• [Data block]:
-=-=-=-=-
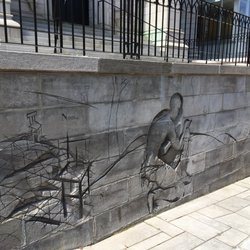 La Maison de la Littérature - Detailed sketch right outside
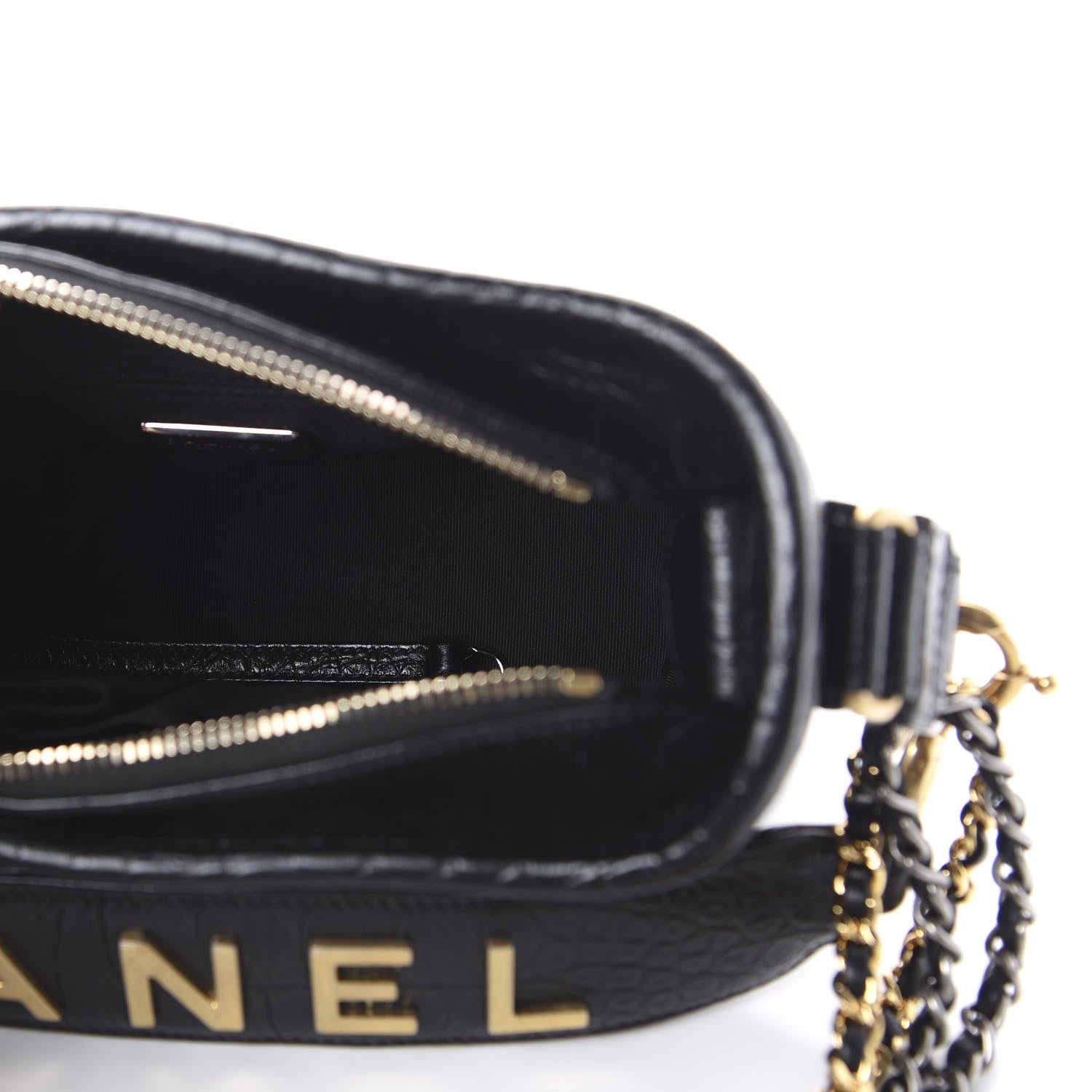 Chanel Calfskin Crocodile Embossed Small Gabrielle Cocodile Hobo Black 5 of 10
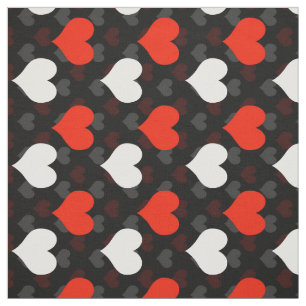 Red White Hearts Black Fabric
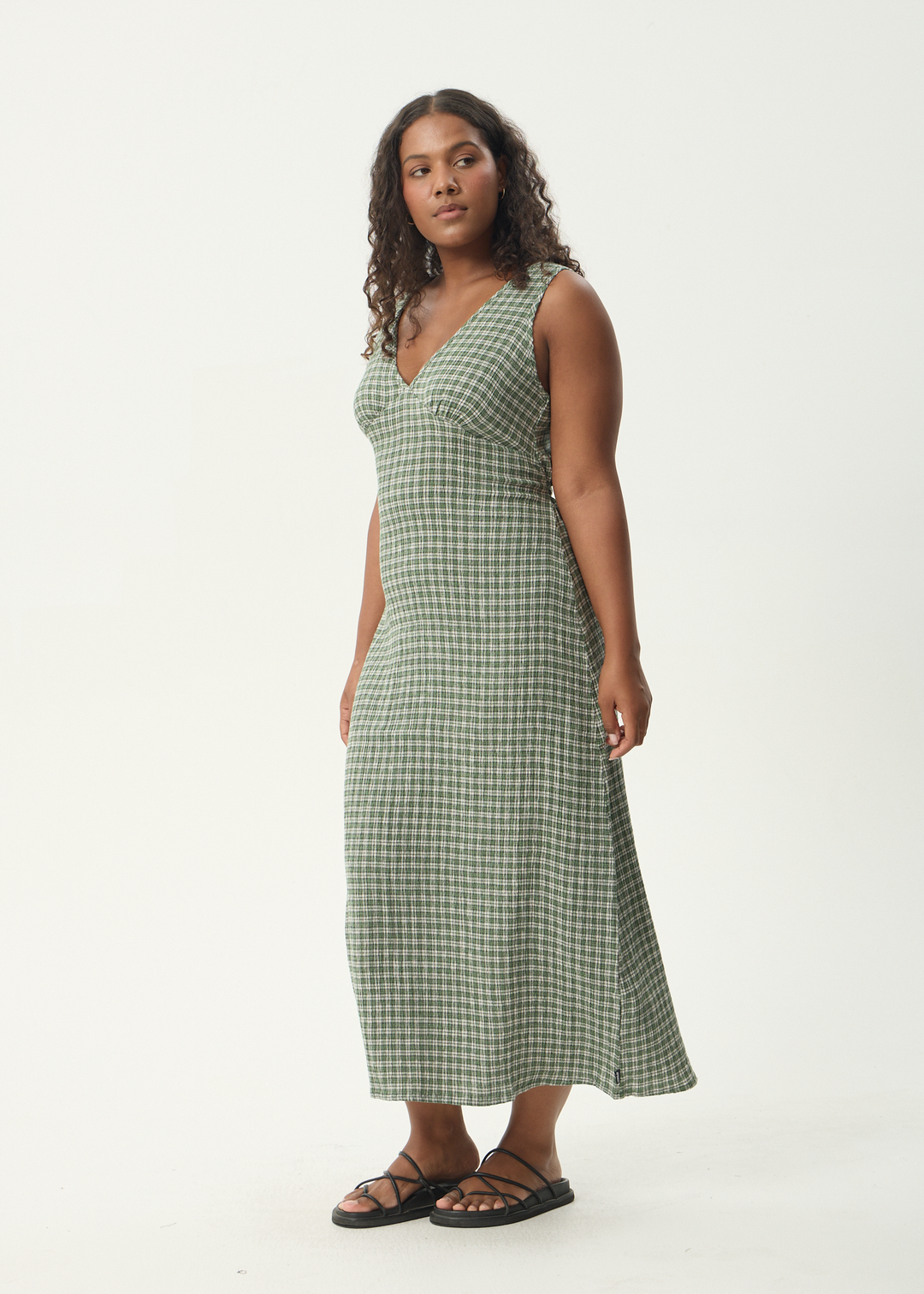 Tully Seersucker Maxi Dress – Deep Green Check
-=-=-=-=-
• [Aim of the task]: Make an exact printout of the listing above, omitting the images.

• [Exercise output]:
 La Maison de la Littérature - Detailed sketch right outside
 Chanel Calfskin Crocodile Embossed Small Gabrielle Cocodile Hobo Black 5 of 10
 Red White Hearts Black Fabric
 Tully Seersucker Maxi Dress – Deep Green Check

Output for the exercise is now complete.